To help your hunt for adventurous moving pictures, RADIANT CIRCUS hand-picks London’s screen highlights for the week ahead*.

Unapologetically, in a week ending in a “snap” General Election, we have chosen THE GREAT DICTATOR as our featured film. Chaplin’s masterpiece is backed up by a clutch of films – CLASH, BUSHWICK, THE WHITE ROOM, IVAN’S CHILDHOOD, FERTILE MEMORY – that deal with the struggle for liberty, freedom and democracy.

It’s not our job to tell you how to vote, we just really think you should. Chaplin has the words:

FRIDAY 2 JUNE 2017, 19:00, CLOSE-UP

REFRACTED SPACES: THEATRE OF OPTICS is a FREE screening (booking essential!) of short films presented by Gasworks and Margarida Mendes.

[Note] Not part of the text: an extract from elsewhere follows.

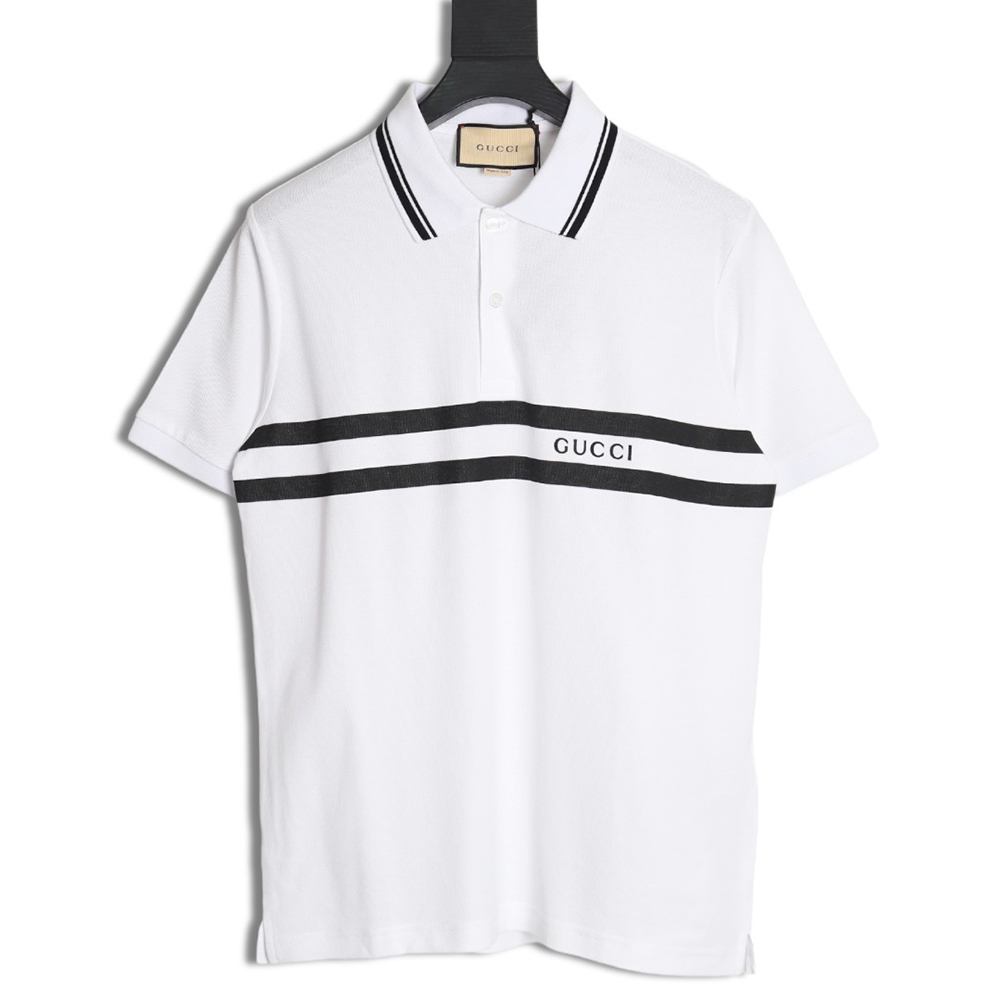 Gucci 24 new horizontal striped letter 10go short-sleeved polo shirt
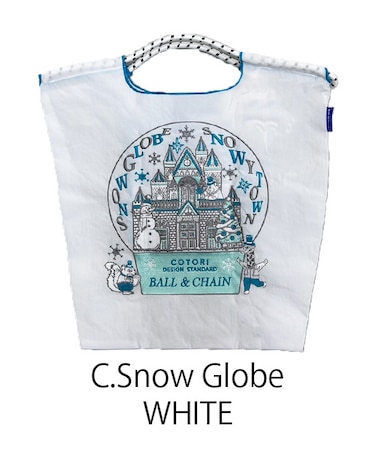 【Ball＆Chain/ボールアンドチェーン】C.Snow Globe(M) 刺繍エコバッグ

These moving images in digital, 35mm and 16mm “dwell on the electrical grid and its spells, exploring how the rhythms and anxieties produced by the infrastructural properties of light elicit expanded sensorial perception”. We think we know what that means…

Looking for an alternative? DAUGHTERS OF THE DUST (various times) screens in a beautiful new restoration at BFI and Barbican. Julie Dash’s luminous film “tells of three generations of women who grapple with the decision to leave their roots in the Sea Islands, off the coast of South Carolina”.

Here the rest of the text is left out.